### [Task brief]
Make an exact transcript of the lines in the data below, starting with the one containing "农村草坪花园设计实景图,花园草坪布局" and going on through the one containing "X0000115210839200911251506", with both included and the pictures left out.

BEGIN Exercise inputs

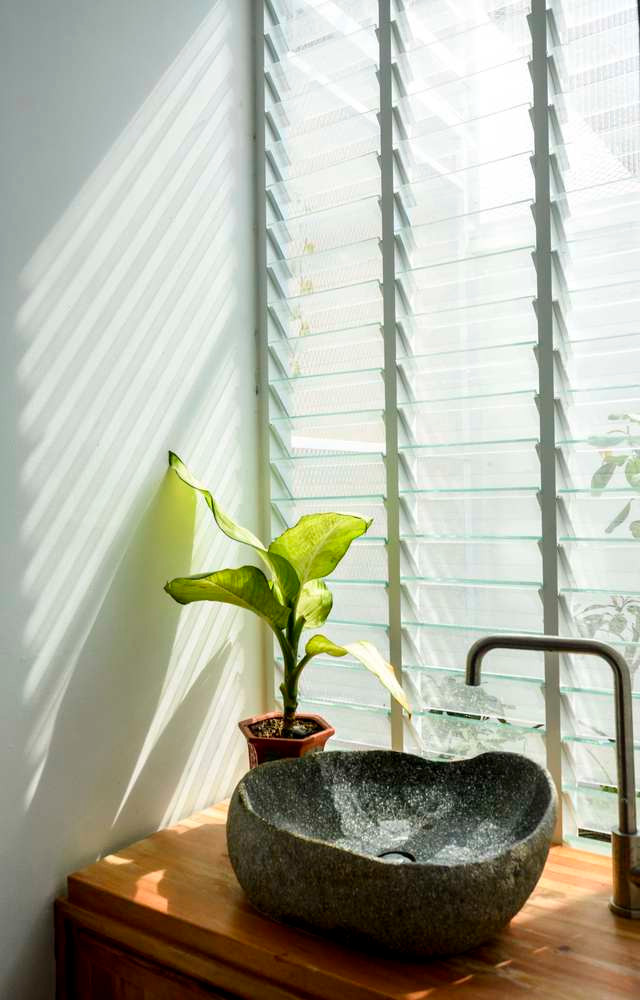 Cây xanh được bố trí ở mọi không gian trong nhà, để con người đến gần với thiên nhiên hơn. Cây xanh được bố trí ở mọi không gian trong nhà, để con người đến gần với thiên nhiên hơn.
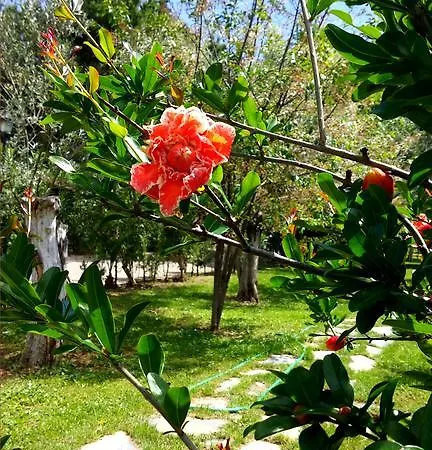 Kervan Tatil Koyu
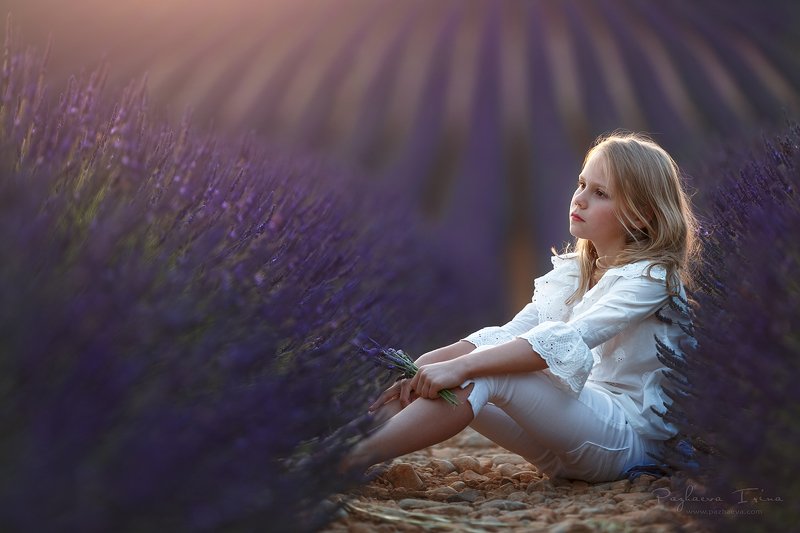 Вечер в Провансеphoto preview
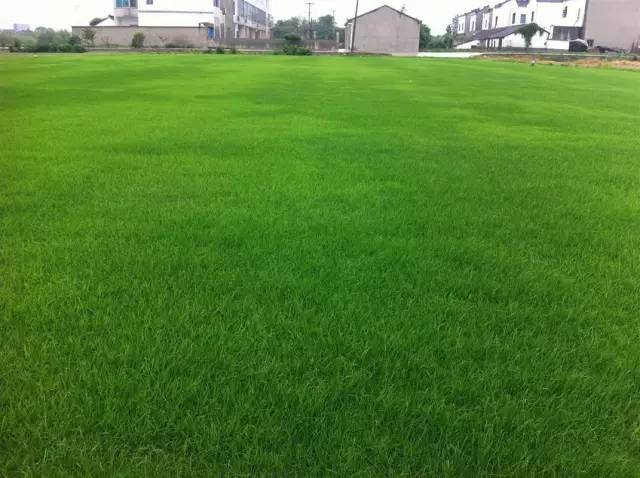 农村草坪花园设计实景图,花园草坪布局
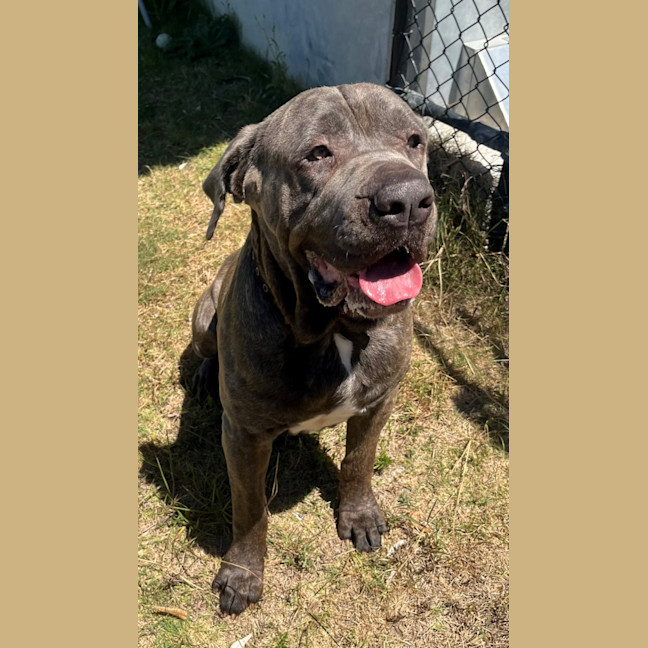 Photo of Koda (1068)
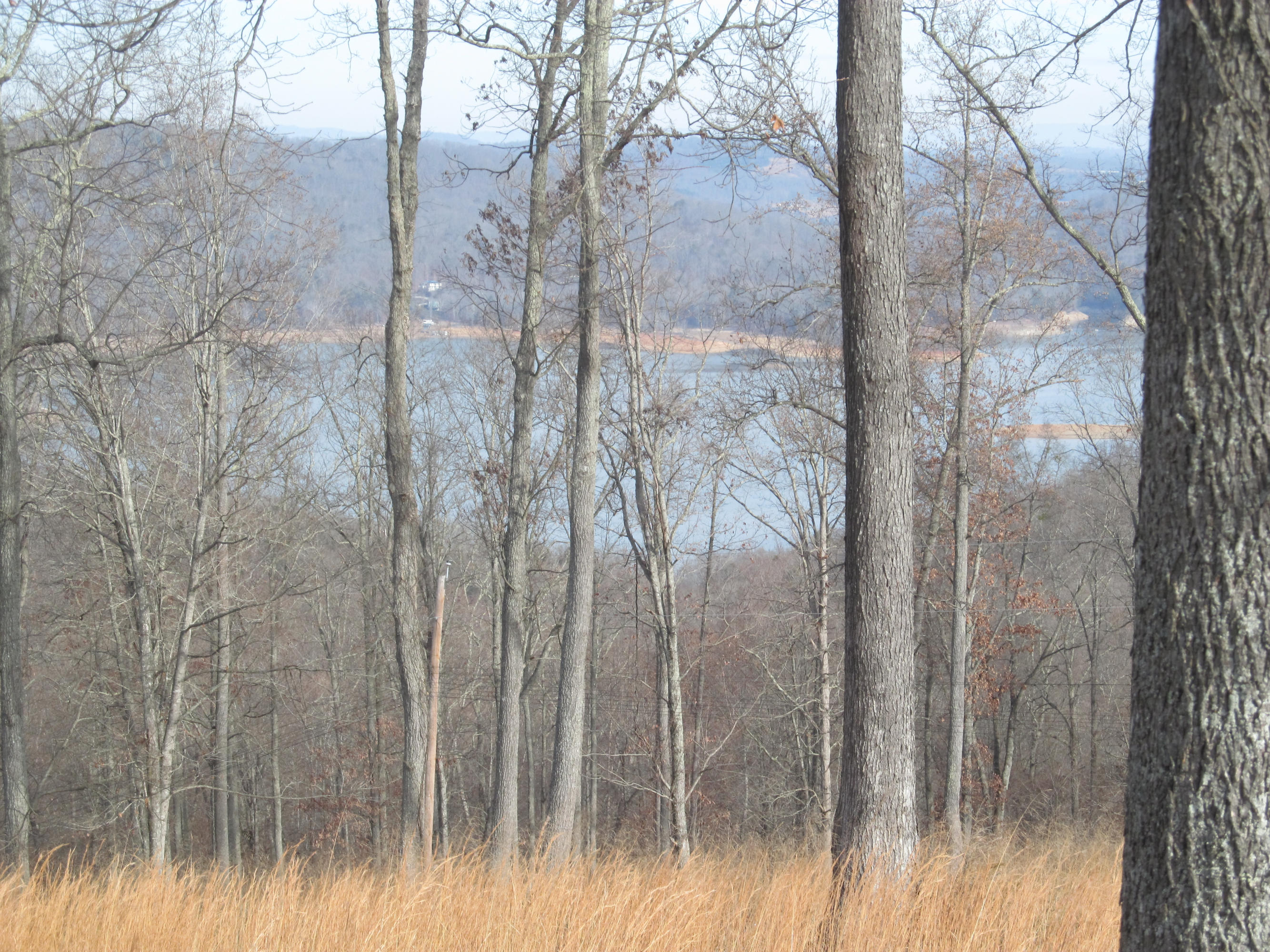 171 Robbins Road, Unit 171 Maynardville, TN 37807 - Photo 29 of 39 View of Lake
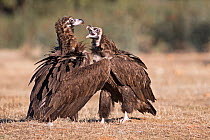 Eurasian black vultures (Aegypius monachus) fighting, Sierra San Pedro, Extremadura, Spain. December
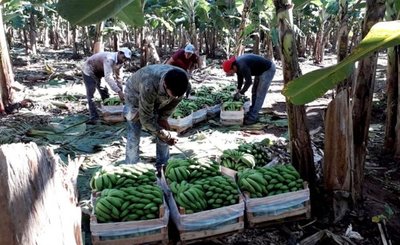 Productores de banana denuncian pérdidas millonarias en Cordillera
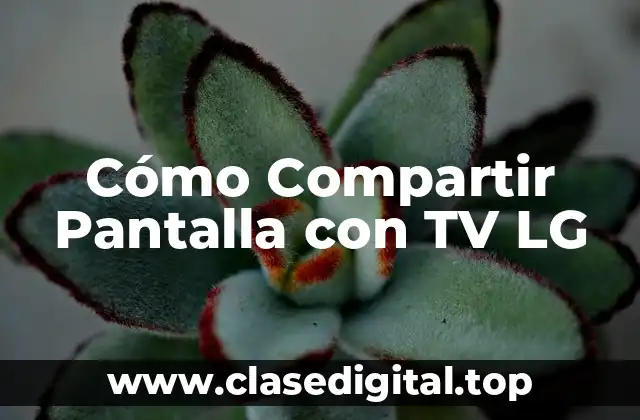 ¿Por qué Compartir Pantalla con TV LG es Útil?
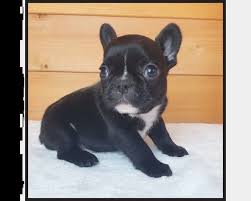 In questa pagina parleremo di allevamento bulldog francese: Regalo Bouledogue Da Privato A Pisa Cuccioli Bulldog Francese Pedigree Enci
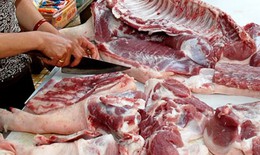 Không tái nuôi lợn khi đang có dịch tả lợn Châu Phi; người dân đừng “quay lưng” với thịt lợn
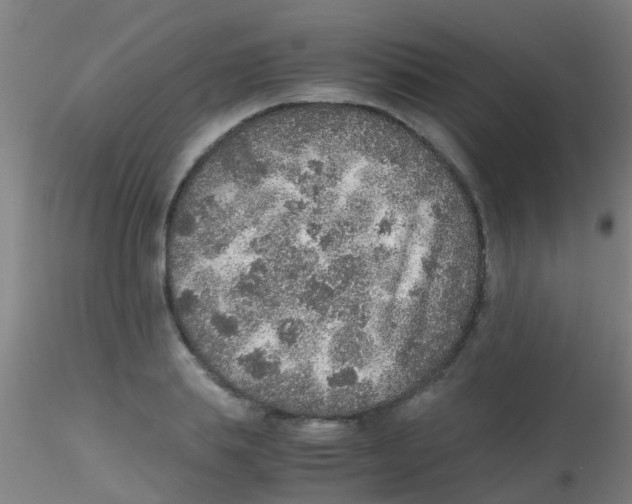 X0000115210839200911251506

END Exercise inputs
BEGIN Exercise inputs

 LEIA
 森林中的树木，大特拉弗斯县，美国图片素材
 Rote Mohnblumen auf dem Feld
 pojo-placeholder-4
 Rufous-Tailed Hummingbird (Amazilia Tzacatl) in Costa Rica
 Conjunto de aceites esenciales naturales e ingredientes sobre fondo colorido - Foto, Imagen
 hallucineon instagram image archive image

END Exercise inputs

### [Written response]
 农村草坪花园设计实景图,花园草坪布局
 Photo of Koda (1068)
 171 Robbins Road, Unit 171 Maynardville, TN 37807 - Photo 29 of 39 View of Lake
 Eurasian black vultures (Aegypius monachus) fighting, Sierra San Pedro, Extremadura, Spain. December
 Productores de banana denuncian pérdidas millonarias en Cordillera
 ¿Por qué Compartir Pantalla con TV LG es Útil?
 In questa pagina parleremo di allevamento bulldog francese: Regalo Bouledogue Da Privato A Pisa Cuccioli Bulldog Francese Pedigree Enci
 Không tái nuôi lợn khi đang có dịch tả lợn Châu Phi; người dân đừng “quay lưng” với thịt lợn
 X0000115210839200911251506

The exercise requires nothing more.